My insides locked up and I heaved. A long slither of spit choked out of me, but no vomit. I swallowed, gagged, swallowed again. Nobody stopped talking and watched, his wet face all hollow cheeks and
sharp bones behind his glasses. I wiped away the tears.
“Christ,” I said, rubbing my mouth with my shirtsleeve. “Christ, I’m sorry.”
“Yes,” said Nobody. “I’ve got to take some pills soon. Do you think you could remind me when it’s time to take them?”
“I will,” I said, trying to pull my head back together, “but I think it’s only a minute or two since–”
“I can’t take them before two o’clock,” Nobody interrupted gently. “I know you think it doesn’t matter because it’s only a few minutes. But it does. The amounts are perfectly balanced. Like seconds. Sixty seconds perfectly balanced against a minute. And dividing it up. You can’t carry a second over.”
I realised I’d put my hand in the wrong coat pocket and reached around to the other.
“You are going to come with me, aren’t you?”
“Yes,” I said, pulling out the phone. Something here was going very wrong. Even if the specifics kept slipping away in the mud, instinct made sure I held onto that one basic fact. I needed to get away, rest, clear my head and think. “I’ll have to go back to my hotel and pack a few things, and then–”
“How many minutes?” Nobody whispered, chewing on a knuckle.
He looked awful now. His shirt was a soaking, sticky mess plastered to his ribs and painfully hollow stomach. His hair was loose, lank and shapeless. Even his big aviator sunglasses looked old and dirty. And he was so wet. The sweat literally dripped off him, drops hanging and falling from his nose, his chin, the bottoms of his jeans even. Drip drip drip drip.
“Four,” I said. My hands were shaking. I couldn’t think what to do.
“You know I’m dead, don’t you?” Nobody said. “Look.” He held out a flat palm. Liquid dripped from the ends of his fingers with a steady tapping. Drip drip drip drip. “See?”
“I don’t–”
“You do know. All of it.

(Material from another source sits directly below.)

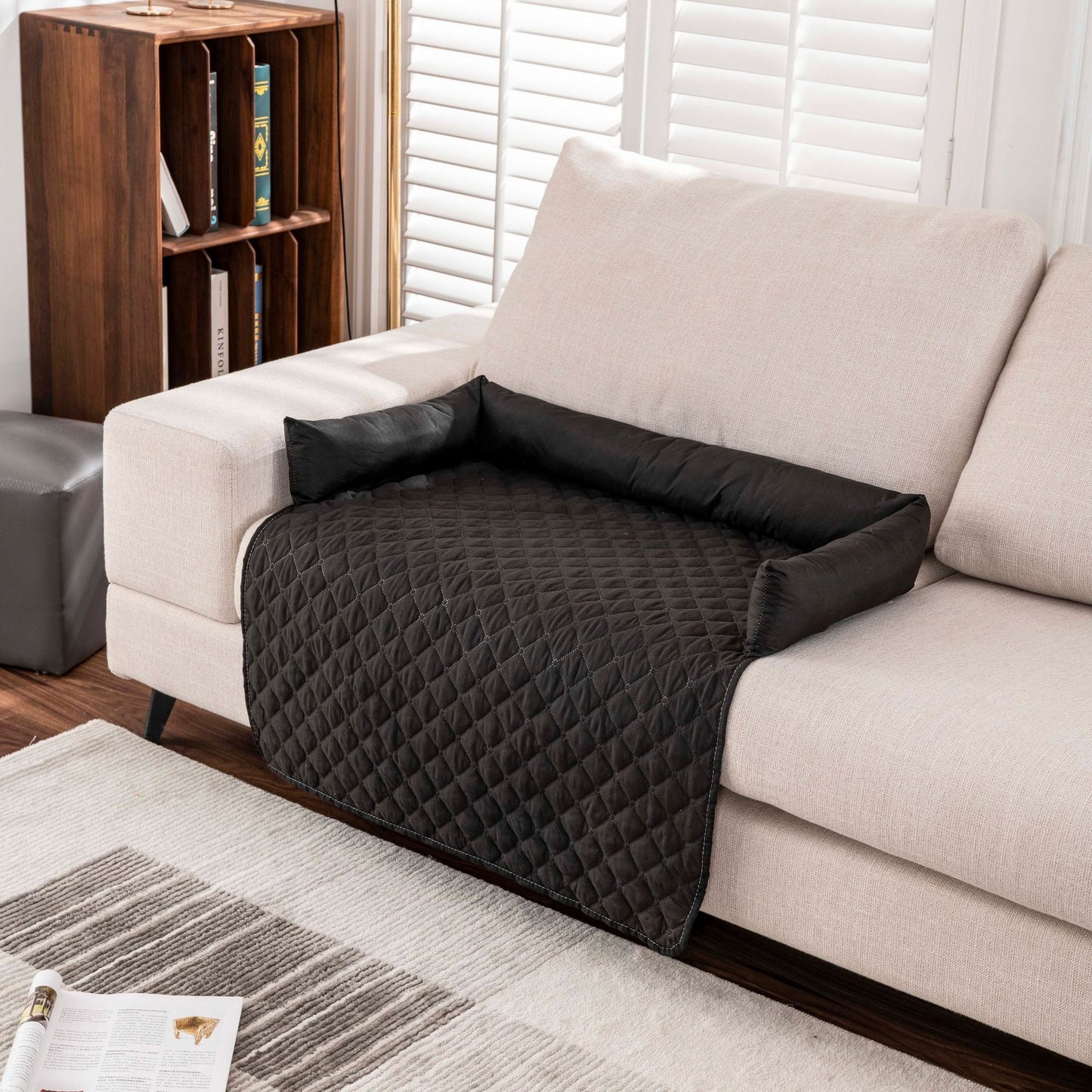 tapis pour chien protege canape noir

It’s obvious.” Then, as if something dawned on him, he quickly swivelled around in his chair, turning his bony back to me. “Shhh, what are you doing? You’re giving away too much, giving it all away, don’t let him talk. It doesn’t matter. Yes, of course it matters. But I can’t keep the keel level without the pills. You’ll damn well have to keep it level won’t you because we never know what he’s going to say. But it’s too long, the weave has all come apart–loose threads and holes, he’s showing through, you know how it gets just before the pills. I don’t care about that, I don’t care about your holes and threads, the job’s almost done you’ll just have to. Shhh, shut up, he’s going to hear.” Nobody spun back around towards me. His glasses edged up his cheeks as his face split with a huge grin of brown teeth and purpley-black gums.